C’est un bon film «bordélique» que je regarde et dans lequel je joue. On dirait un film, la vie est un miracle. Quand je vois nos avocats faire la circulation, ou des partisans de différentes manifestations marcher ensemble dans le même sens sur l’avenue Habib Bourguiba, ou bien les habitants dans les quartiers faire le contrôle des papiers aux policiers... Moi j’adore, c’est le bazar, mais c’est calme; tout le monde circule normalement, aujourd’hui. Les gens ont repris, pour la plupart, leurs activités. Il n’y a pas vraiment de policier dans la rue. Vous imaginez voir ça dans un autre pays? Ce serait l’anarchie totale. C’est un désordre qui me rend fier.
Ce désordre t’inspire-t-il aussi pour écrire de nouveaux textes?
Oui, c’est sûr, mais je ne le ferais pas maintenant, parce que je ne veux pas que mes chansons deviennent un hymne à la révolution.
Depuis un certain moment, on sent comme une forte montée d’islamisme en Tunisie, ne crains tu pas leur présence sur le long terme, surtout que, dans d’autres pays, ils se sont révélé des ennemis de l’art et des artistes?
Moi, je ne crains rien. Et d’un, je n’ai pas eu peur de Ben Ali, je ne vais pas avoir peur aujourd’hui des islamistes. De deux, il y a un clivage entre les islamistes radicaux, qui veulent imposer la charia, et ces autres extrémistes qui veulent nier toute influence arabo musulmane sur notre culture. Le problème est très simple. Nous sommes un pays musulman qu’on le veuille où pas, notre culture est fortement influencée par l’islam. Regardez, pendant le ramadan, même des athées adoptent le rythme et le rituel du mois du jeûne.
Cela dit, ce n’est pas une raison pour imposer la loi islamiste. L’un de mes oncles est imam et j’ai des oncles et des tantes qui font la prière, comme j’en ai d’autres qui boivent de l’alcool. Ce n’est pas pour autant qu’ils ne se respectent pas.
C’est un faux problème qui nous éloigne des vrais problèmes de notre société: la construction d’une nouvelle Tunisie avec une justice sociale, économique et politique pour remonter la pente.
Il y a quelques mois, tu n’aurais pas pu faire des représentations dans les universités ou sur un plateau de télévision. Aujourd’hui, on a l’impression que les médias s’arrachent ta présence sur les plateaux. Est-ce une consécration pour toi?
Je n’ai accepté qu’une fois d’aller sur un plateau de télévision.
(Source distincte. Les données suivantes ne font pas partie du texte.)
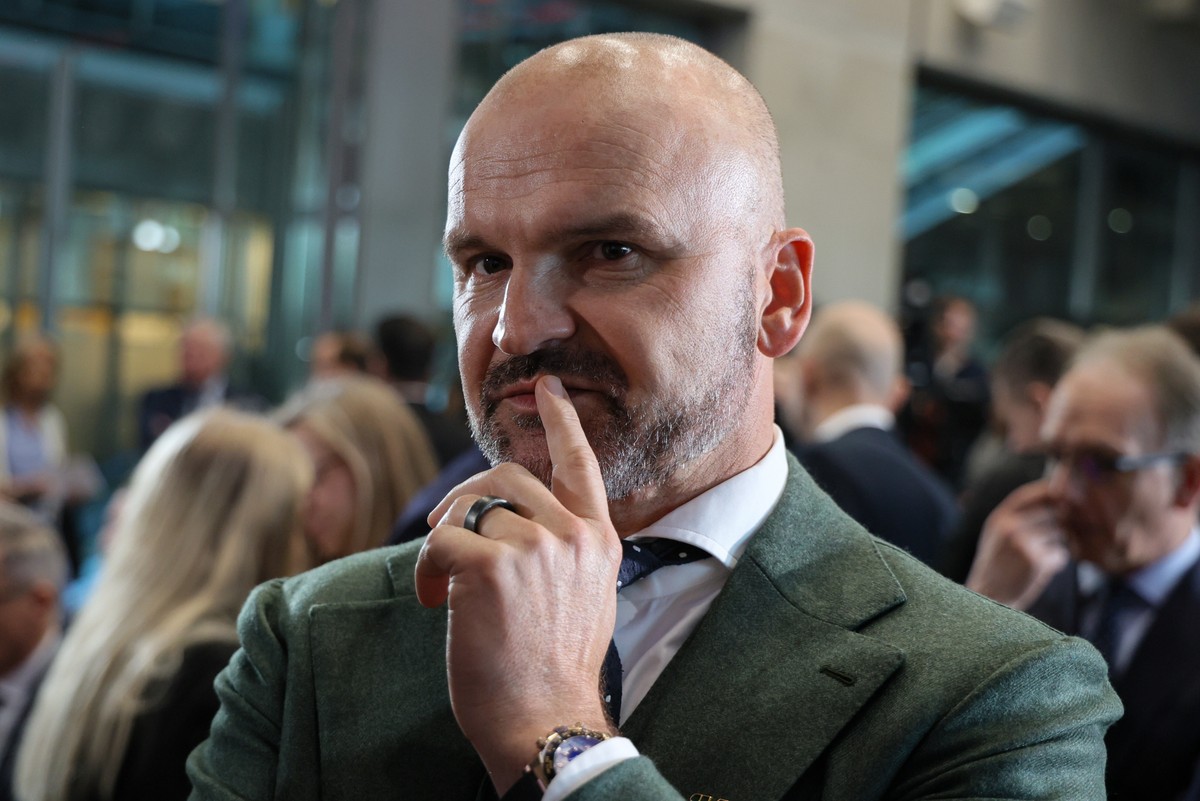 Warszawa, 10.02.2025. Przedsiębiorca, szef InPost Rafał Brzoska podczas wydarzenia "Polska. Rok przełomu" z udz. premiera Donalda Tuska, 10 bm. w siedzibie Giełdy Papierów Wartościowych w Warszawie. (jm) PAP/Paweł Supernak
C’était au début de la révolution, parce que le peuple avait peur et qu’il fallait lui parler. Je ne veux pas devenir une star. Mon but est de pouvoir faire passer des messages.
Ben Ali est parti, le processus démocratique est en marche, si tout irait bien en Tunisie, arrêterais-tu d’écrire des chansons?
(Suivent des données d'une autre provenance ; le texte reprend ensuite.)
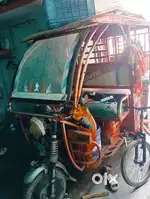 Battery riksha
Si, par miracle, tous les problèmes seraient réglés en Tunisie, je me donnerais le temps d’écrire de la vraie chanson poétique. Je me consacrerais entièrement à cela.
Alors comment vois-tu l’avenir de ton pays?
Je le vis l’avenir de mon pays. Je ne le vois pas… Lorsqu’on est dedans, on n’a pas le temps de prendre du recul avec ce qui se passe… Je laisse ça au gens qui n’ont rien à faire! (rire)
Il est important de faire des choses concrètes, surtout aujourd’hui, pour aider le pays à s’en sortir. Je le fais dans mon domaine. Chacun son truc.
Quelques minutes avant notre rencontre, je suis tombé sur une vidéo de toi sur Facebook où tu invitais Belhassen Trabesli, présent au Canada depuis le mois de janvier, à ton concert. Pourquoi cette initiative?
Le pauvre, il est seul (sur un ton ironique). Il ne doit pas être content de cette révolution. Il doit même déprimer. Je me suis dit: puisque les Tunisiens sont solidaires entre eux, je vais aller l’inviter à mon concert.
Donc, je me suis rendu au bureau de l’avocat de Belhassen et j’ai remis à sa secrétaire deux billets pour le concert de ce samedi: pour sa femme et pour lui.